# How old was/is your oldest Betta - what's the longest you've had one last?



## 9 Bettas (Nov 22, 2009)

I was in my local aquarium store today and as per usual people were trying to tell me that Bettas only last for 2 years. I'm sure my longest lasting were 5 and 4 years - its unusual for me to not have them seem to last a long time.

Are my fish unusual or do some of you have very long lived bettas too?


----------



## bloo97 (Mar 6, 2010)

It varies. Sometimes I'll get a betta that lives for 4 years! (RIP Bloo)
But others only live for 2. (RIP Cosmo)


----------



## nochoramet (Oct 2, 2009)

I had one that lived for 3 years, but I was little and didn't take care of him well. My fish Fishy was adopted from another member on this forum and he has been with her a while! Plus he looks like he's a little older than your usual petshop guys


----------



## 1fish2fish (Sep 10, 2009)

My guy Fish, who recently passed, lived with me for 4 years and I think he was older than most of the other fish from the Pet store.

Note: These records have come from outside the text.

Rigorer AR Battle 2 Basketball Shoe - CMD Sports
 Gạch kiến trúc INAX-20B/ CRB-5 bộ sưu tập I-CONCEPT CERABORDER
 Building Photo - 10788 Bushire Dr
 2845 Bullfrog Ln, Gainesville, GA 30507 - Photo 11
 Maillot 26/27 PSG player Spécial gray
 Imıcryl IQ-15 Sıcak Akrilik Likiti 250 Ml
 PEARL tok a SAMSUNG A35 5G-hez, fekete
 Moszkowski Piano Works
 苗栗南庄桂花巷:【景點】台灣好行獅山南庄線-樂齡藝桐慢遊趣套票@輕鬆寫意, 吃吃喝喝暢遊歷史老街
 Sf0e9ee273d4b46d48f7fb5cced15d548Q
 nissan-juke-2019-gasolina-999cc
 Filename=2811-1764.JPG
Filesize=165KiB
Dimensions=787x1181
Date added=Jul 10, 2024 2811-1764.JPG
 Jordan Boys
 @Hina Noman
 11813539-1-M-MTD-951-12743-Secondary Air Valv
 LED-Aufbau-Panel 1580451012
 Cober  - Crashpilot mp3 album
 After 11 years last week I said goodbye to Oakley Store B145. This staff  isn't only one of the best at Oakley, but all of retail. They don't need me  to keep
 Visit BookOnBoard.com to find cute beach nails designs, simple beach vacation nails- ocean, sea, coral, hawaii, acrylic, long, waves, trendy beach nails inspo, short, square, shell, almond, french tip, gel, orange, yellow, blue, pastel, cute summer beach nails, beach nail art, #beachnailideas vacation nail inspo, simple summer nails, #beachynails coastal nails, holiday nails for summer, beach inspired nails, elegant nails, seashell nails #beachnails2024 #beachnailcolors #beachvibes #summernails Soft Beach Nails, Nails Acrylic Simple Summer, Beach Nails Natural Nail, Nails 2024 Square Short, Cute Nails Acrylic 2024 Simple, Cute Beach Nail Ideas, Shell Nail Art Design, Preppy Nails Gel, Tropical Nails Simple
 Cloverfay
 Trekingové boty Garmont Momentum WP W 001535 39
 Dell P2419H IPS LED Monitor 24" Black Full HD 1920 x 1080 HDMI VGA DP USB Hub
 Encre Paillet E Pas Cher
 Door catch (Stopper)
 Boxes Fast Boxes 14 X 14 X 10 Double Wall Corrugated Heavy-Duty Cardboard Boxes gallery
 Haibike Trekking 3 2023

My oldest living fish now I guess would be Freddie Mercury. I got him a year ago almost to the day.


----------



## Jupiter (Aug 30, 2009)

I've been keeping bettas for less than a year, but my first betta is still alive! Or at least, I hope she is...she's under my sister's care atm.


----------



## Greynova27 (Feb 4, 2010)

Longest has probably been 3 years (that was a long time ago.. I LOVE YOU Bubbles!) the shortest was one I didn't even get to name and it was a couple weeks later (internal thing I presume)... And my current ones are pretty well. My oldest is a year old right now, my oldest died a couple weeks ago from Dropsy  And he was 2...


----------



## vaygirl (Sep 10, 2009)

Tango's my first betta and I'm pretty sure he was a lil guy when I got him. I've had him a year and three months now. He's not my first fish though, I used to keep fancy guppies and goldfish many, many years ago.


----------



## zippy88 (May 8, 2010)

I had my first betta (Nebula) for nearly 3.5 years in a .25 gal little cup thing - before I knew better! He survived being knocked over by cats at east five times. Very hearty fish, bettas.


----------



## Kim (Apr 30, 2008)

My oldest is probably Prof. Lupin, who I rescued from a teacher a year and a half ago. I know that the teacher had him for around 6 months, and he was probably between 3-6 months old when she got him. So, that makes him almost 2 and a half now  I see no signs of him kicking the bucket anytime soon! The last betta I bought was around 8 months ago and most of the others are were bought before prof. lupin so that makes them almost 2 years old as well. I forsee these guys being with me a long time which is why I definitely can't get any more now!


----------



## Jayy (Dec 23, 2009)

my oldest betta was Sam my red veiltail he lived for 3 years i think


----------



## Betta Slave (Dec 8, 2009)

My oldest guy was Darwin, who lived for five years.


----------



## Kaisa (Jan 9, 2009)

i've never had a betta die on me yet (knock on wood) 

Sparkie- 4 years
Zeus- 1.5 years
Blaze- 1 year
Kush- 1 year

then the other 3 I have I just got a few weeks ago


----------



## Cloelia (Apr 27, 2010)

I've only had 2, my first one lived about 2.5 years, but he probably would have lasted longer, I made a mistake, leaving him in our kitchen over Christmas (we heat our house with coal-I know, I live in the middle of nowhere- and it gets really cold at night downstairs) instead of putting him in my room. He got too cold and died. 

My friend, who is just in love with fish and has been keeping bettas all her life (and she's in grad school for marine conservation) has had a few fish that have lived about 4-5 years, but she says that 2-3 years is all you should expect (though we can always hope for more!), even in good conditions.


----------



## mysquishy (Mar 12, 2010)

I think the longest I had a betta was my very first one that I had when I was about 16 and he lived 2.5-3 years. His name was Marley and I miss him.


----------